What you will do | Leave out every picture and set down, exactly, the lines below from the one holding "Hoka Bondi 4" up to and including the one holding "La celebración del".

Given entries |
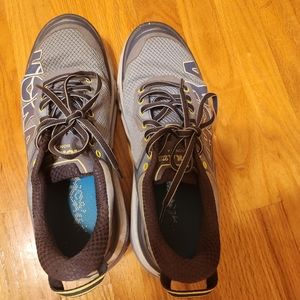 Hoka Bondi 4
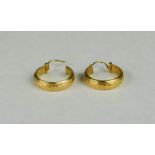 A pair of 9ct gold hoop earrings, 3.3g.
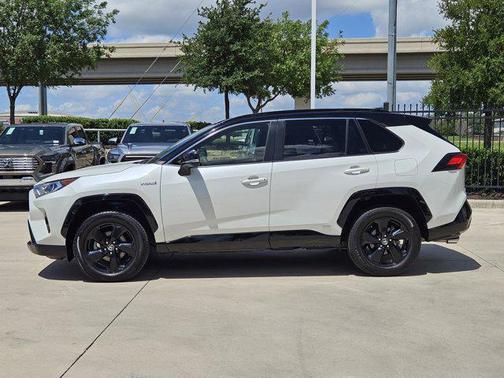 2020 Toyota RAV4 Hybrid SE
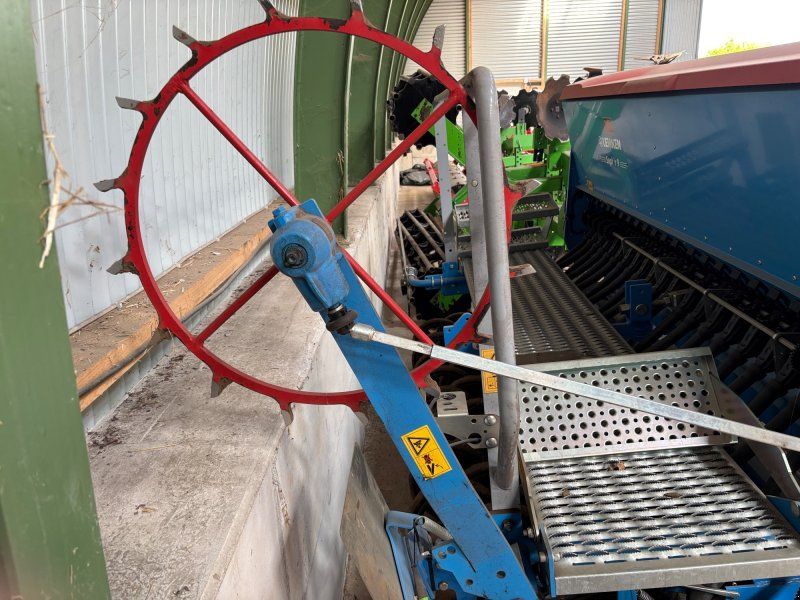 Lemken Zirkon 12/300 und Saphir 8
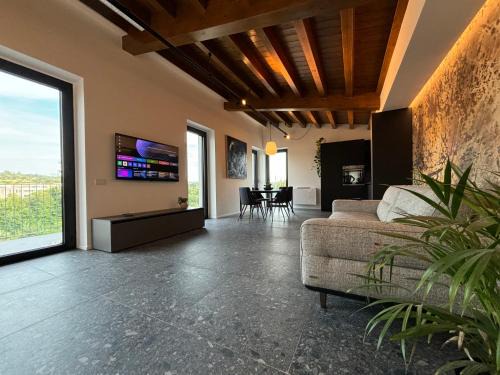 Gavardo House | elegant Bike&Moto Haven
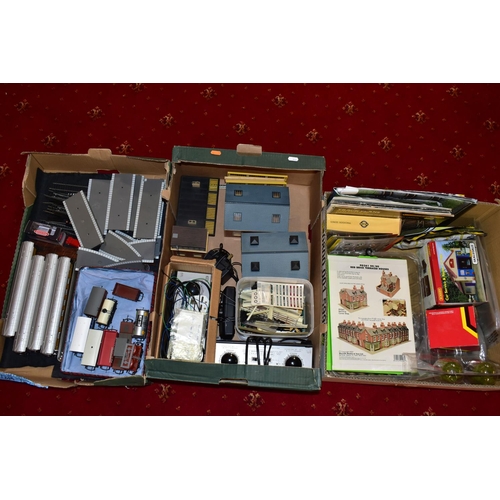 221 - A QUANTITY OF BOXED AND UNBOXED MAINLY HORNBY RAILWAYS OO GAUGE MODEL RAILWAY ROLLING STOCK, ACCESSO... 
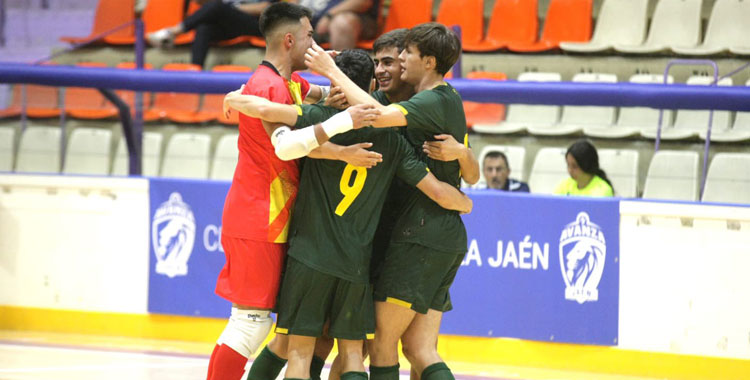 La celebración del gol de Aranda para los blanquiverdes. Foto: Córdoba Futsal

==

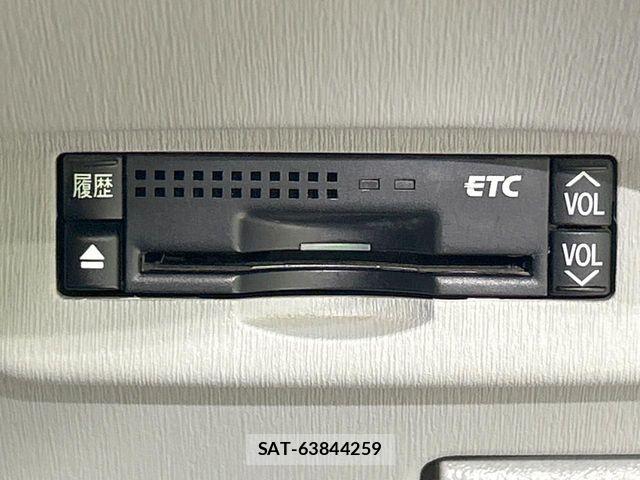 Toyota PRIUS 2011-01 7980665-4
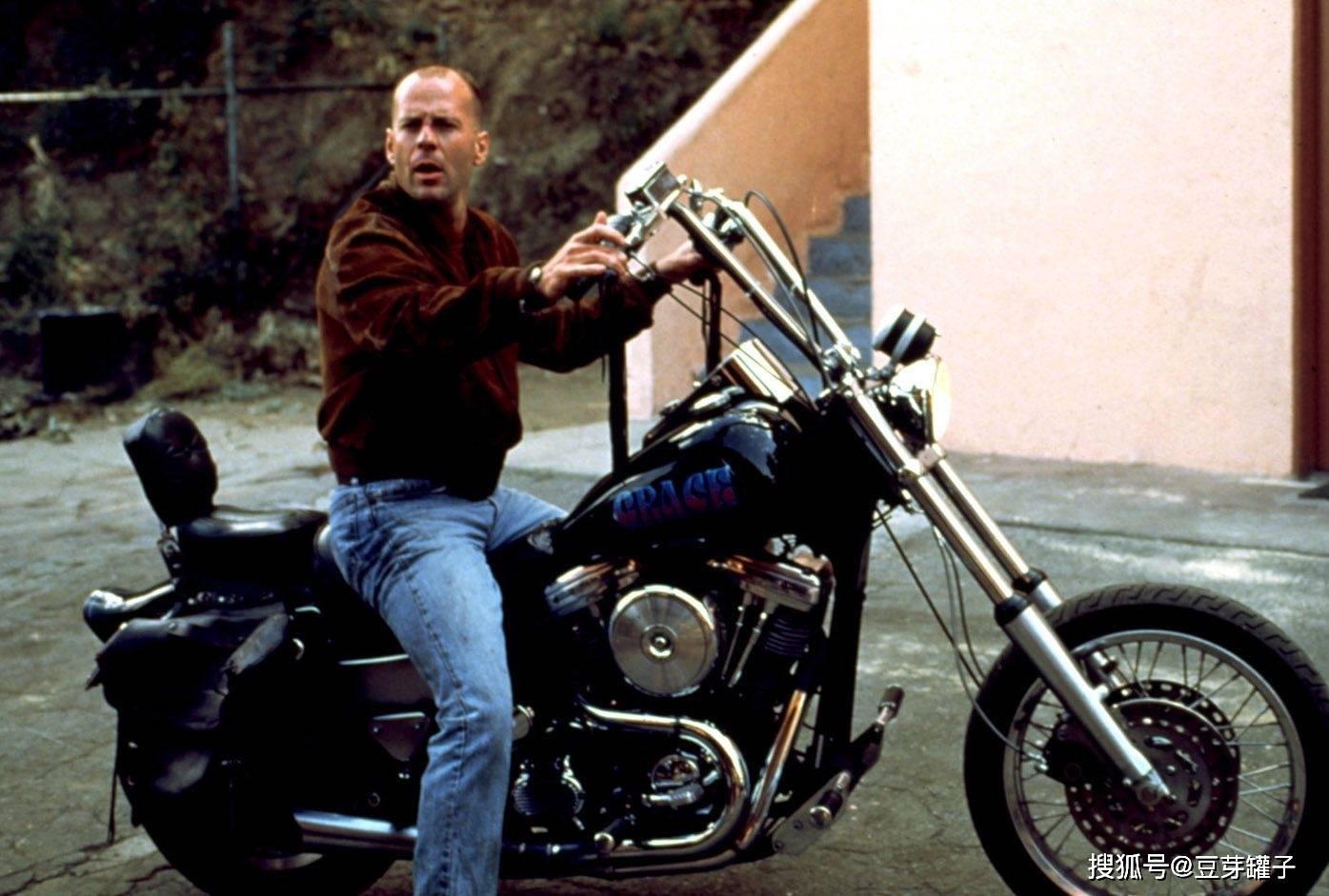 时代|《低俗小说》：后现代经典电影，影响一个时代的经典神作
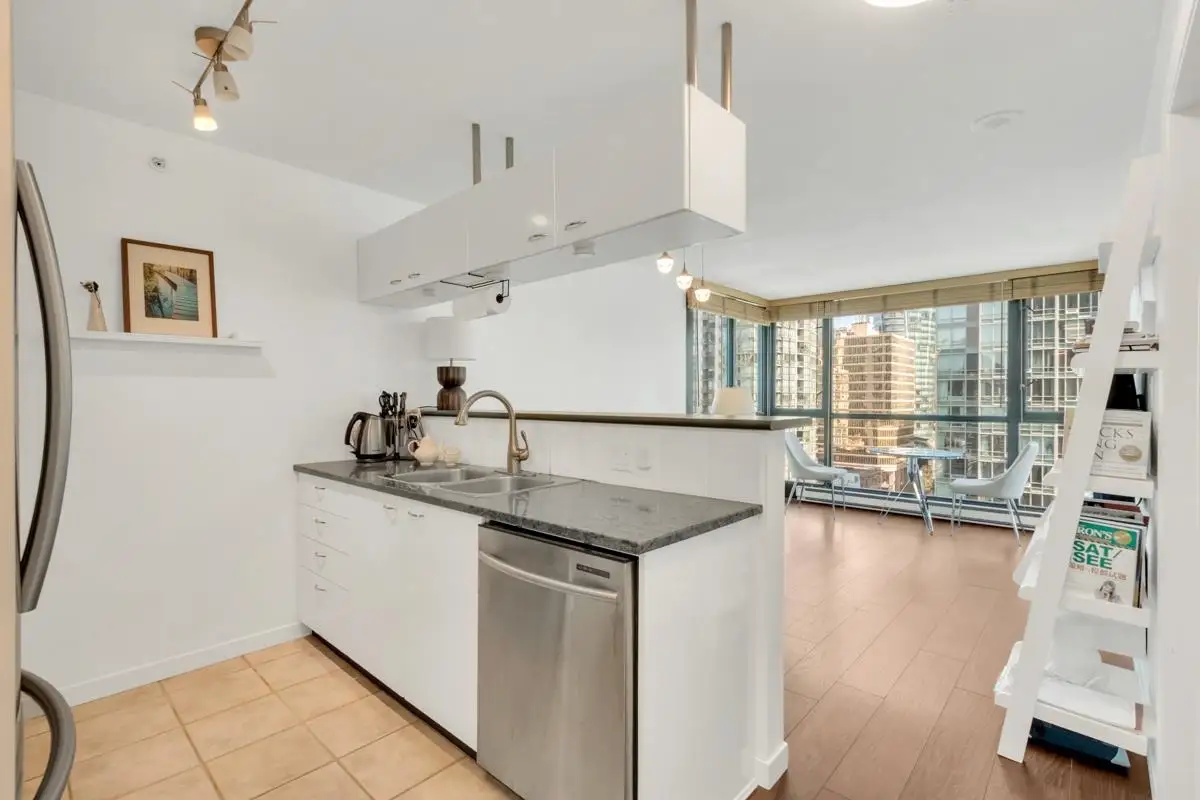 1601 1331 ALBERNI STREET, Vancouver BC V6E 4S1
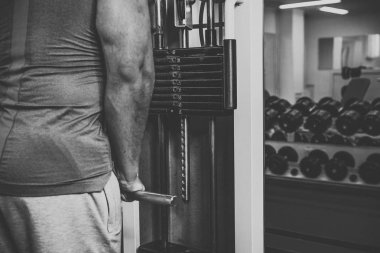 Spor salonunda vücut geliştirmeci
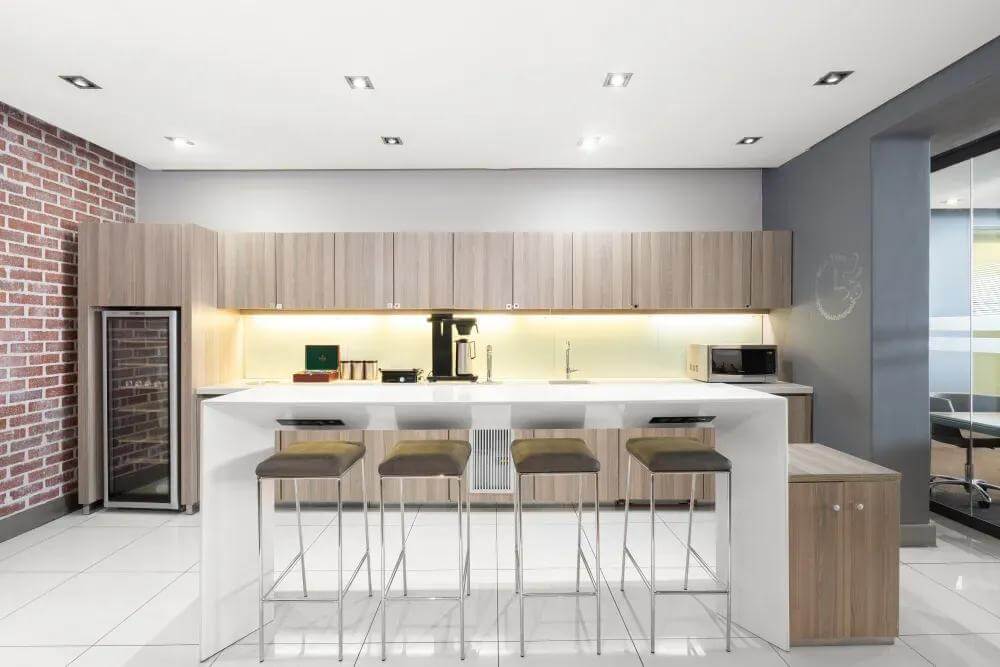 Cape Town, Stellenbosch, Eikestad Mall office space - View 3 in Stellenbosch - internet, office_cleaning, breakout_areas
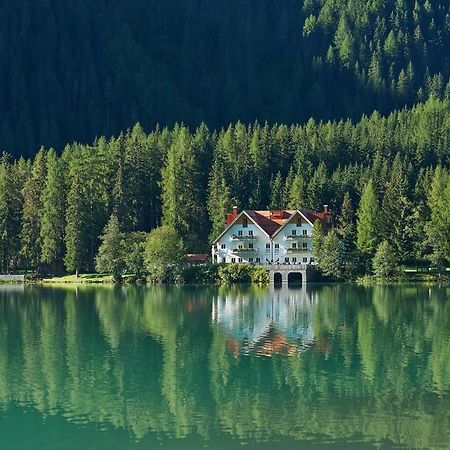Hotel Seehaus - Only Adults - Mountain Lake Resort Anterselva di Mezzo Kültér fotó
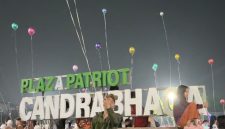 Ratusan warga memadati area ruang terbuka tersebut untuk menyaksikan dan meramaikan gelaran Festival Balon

Response below |
 Hoka Bondi 4
 A pair of 9ct gold hoop earrings, 3.3g.
 2020 Toyota RAV4 Hybrid SE
 Lemken Zirkon 12/300 und Saphir 8
 Gavardo House | elegant Bike&Moto Haven
 221 - A QUANTITY OF BOXED AND UNBOXED MAINLY HORNBY RAILWAYS OO GAUGE MODEL RAILWAY ROLLING STOCK, ACCESSO... 
 La celebración del gol de Aranda para los blanquiverdes. Foto: Córdoba Futsal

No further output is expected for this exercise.